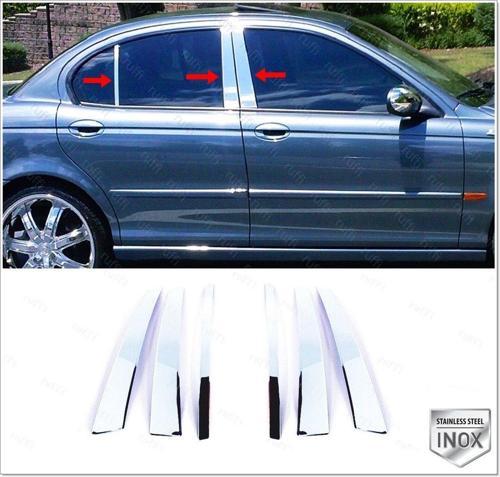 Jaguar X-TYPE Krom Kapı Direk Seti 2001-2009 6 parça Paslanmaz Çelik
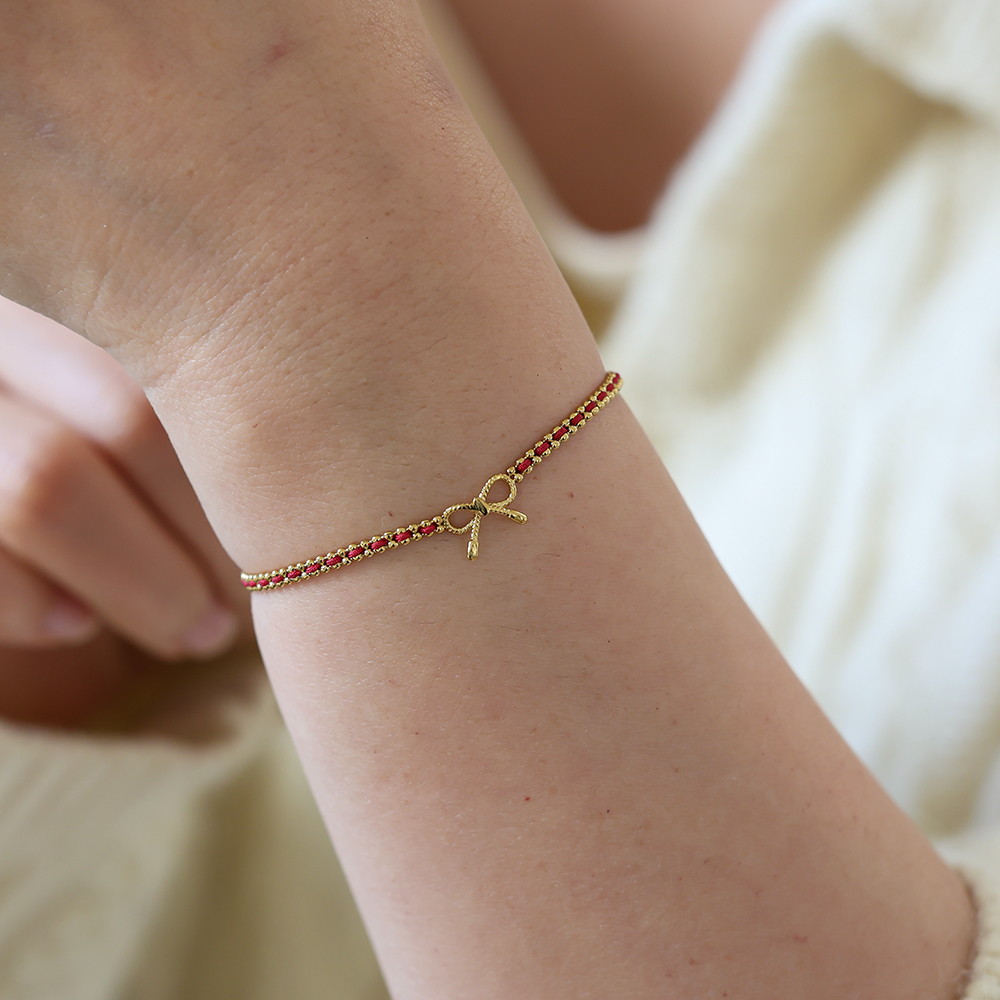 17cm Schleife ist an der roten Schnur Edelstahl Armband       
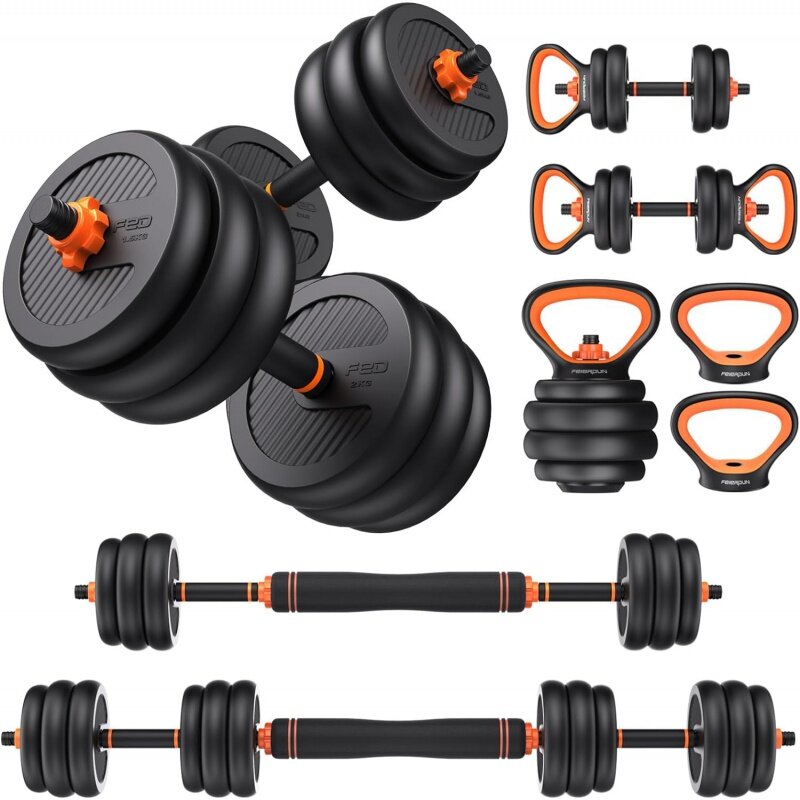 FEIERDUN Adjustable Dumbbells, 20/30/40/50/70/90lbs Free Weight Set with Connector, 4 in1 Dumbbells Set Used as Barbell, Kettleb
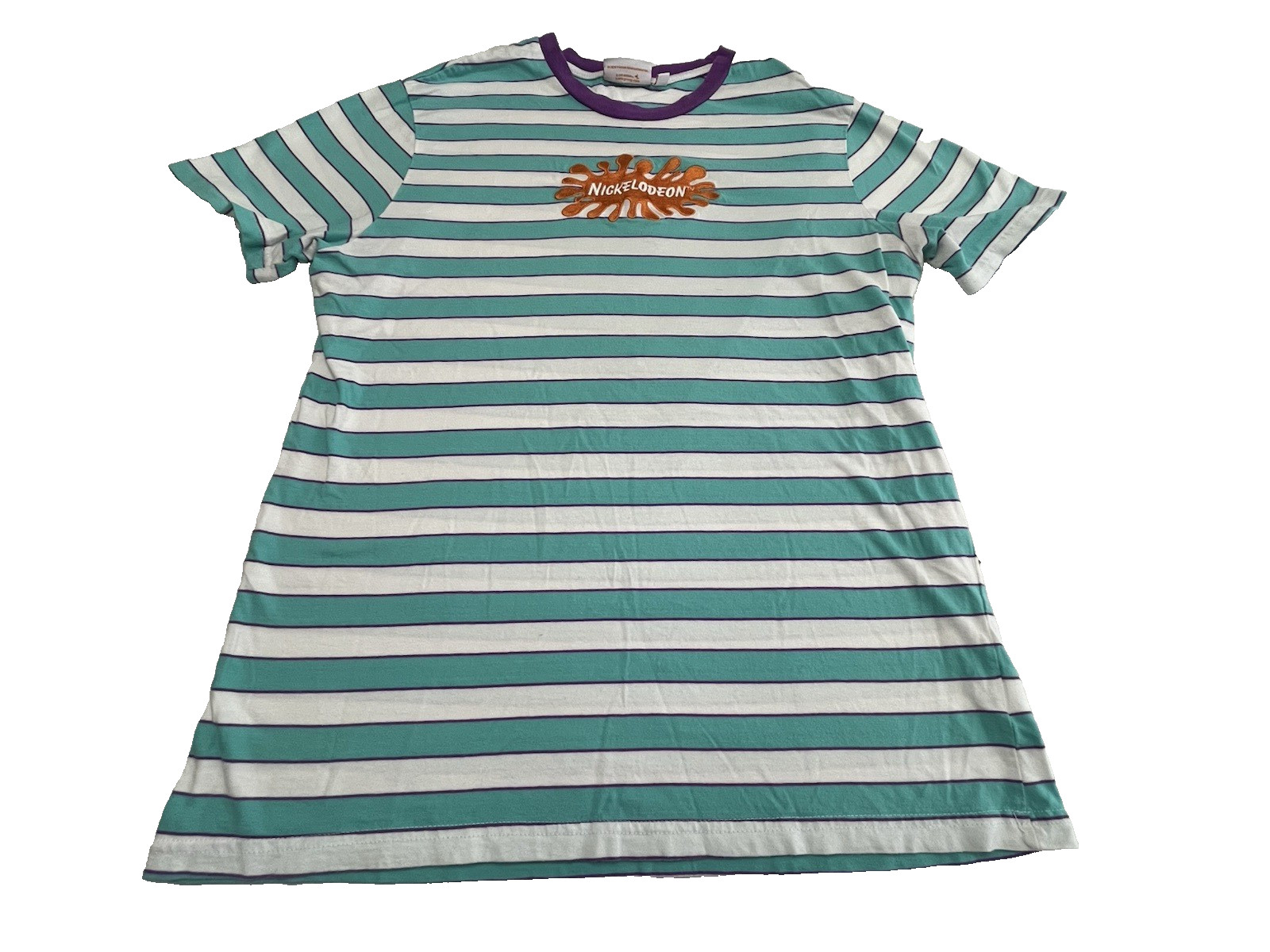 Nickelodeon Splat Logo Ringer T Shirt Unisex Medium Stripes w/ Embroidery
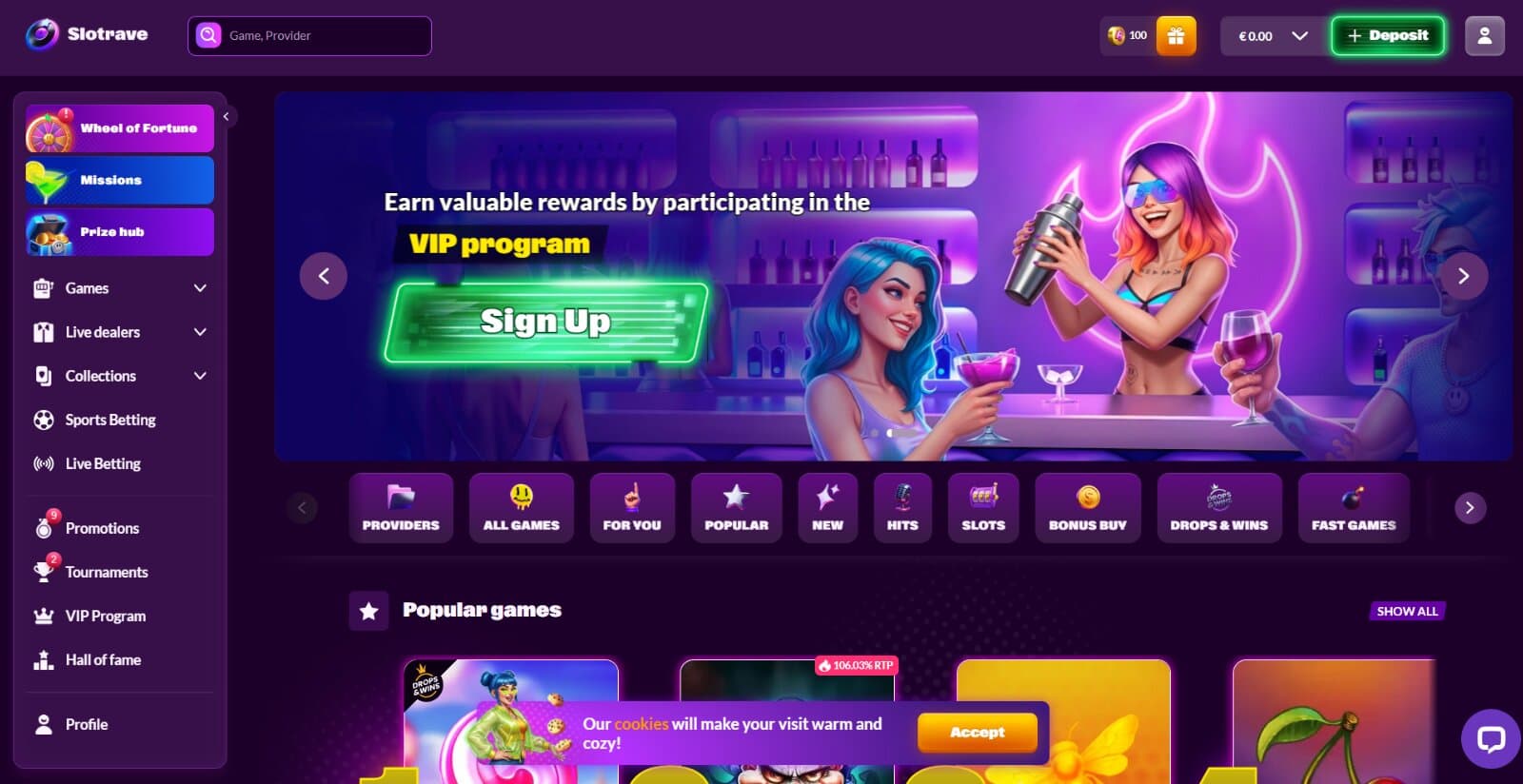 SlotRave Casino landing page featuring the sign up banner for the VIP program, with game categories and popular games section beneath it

^^^^^^^^^^^^^^^^

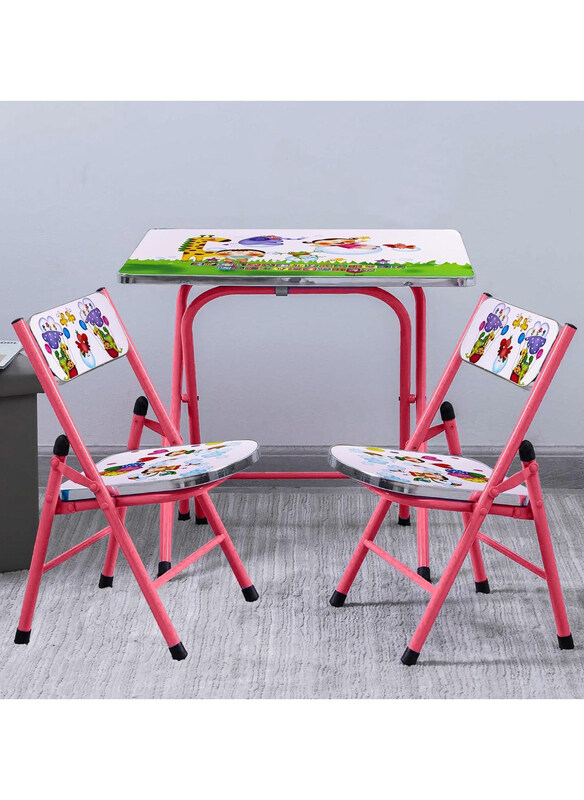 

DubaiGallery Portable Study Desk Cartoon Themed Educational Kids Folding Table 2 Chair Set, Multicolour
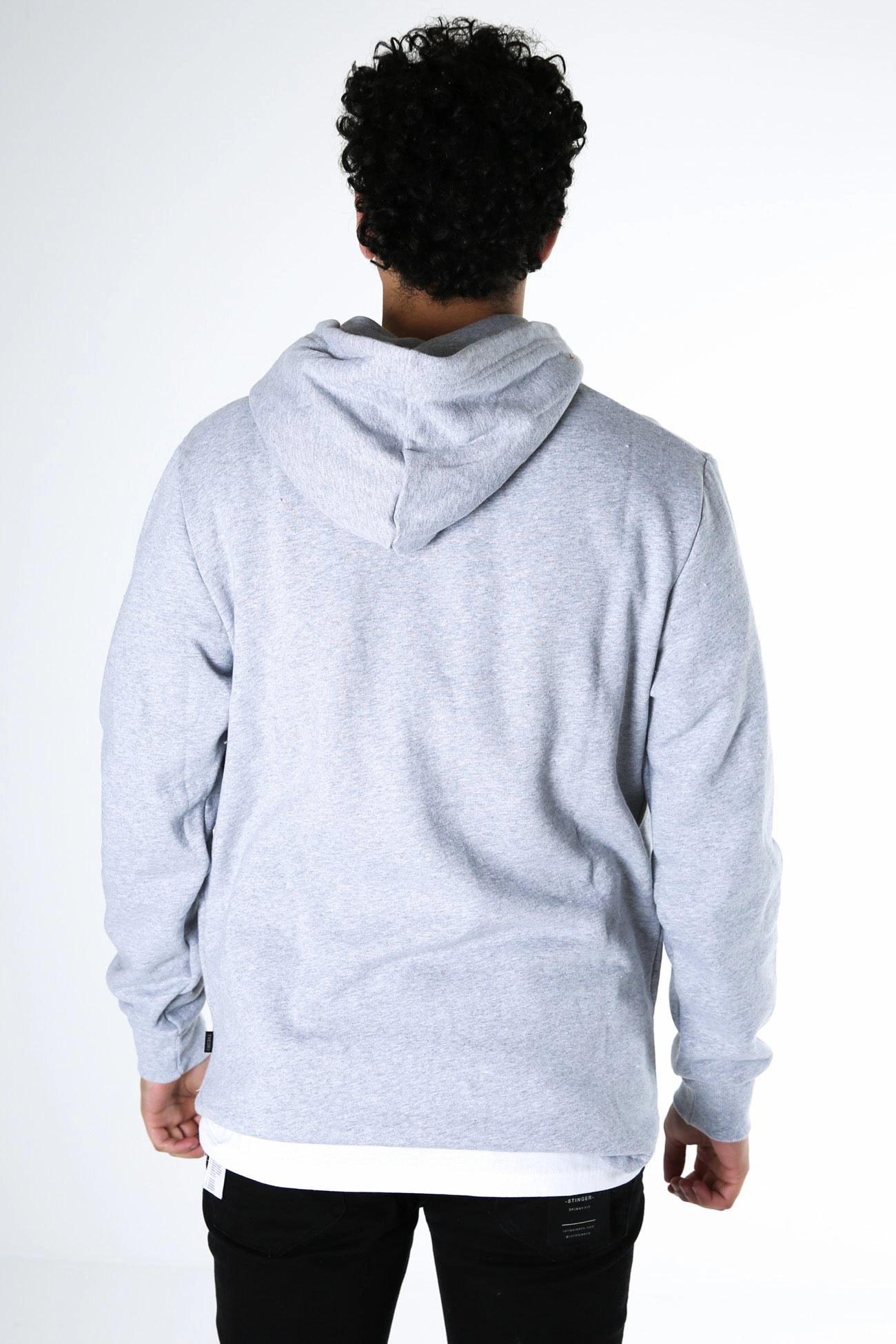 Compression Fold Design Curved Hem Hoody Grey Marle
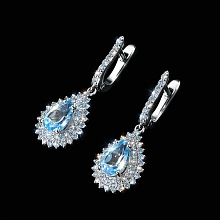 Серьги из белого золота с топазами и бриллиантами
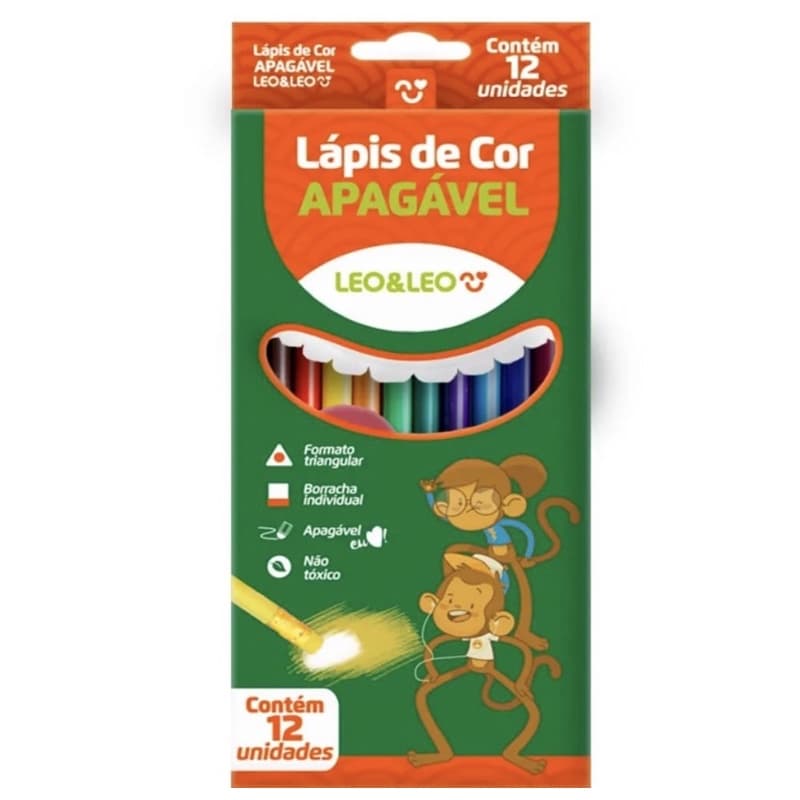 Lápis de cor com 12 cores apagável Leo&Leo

^^^^^^^^^^^^^^^^

*Task*:
Go to the line above that has "Compression Fold Design" and copy exactly from there down to the line that has "Lápis de cor com 12 cores apagável Leo&Leo", both included. Leave the pictures out.

*Output below*:
 Compression Fold Design Curved Hem Hoody Grey Marle
 Серьги из белого золота с топазами и бриллиантами
 Lápis de cor com 12 cores apagável Leo&Leo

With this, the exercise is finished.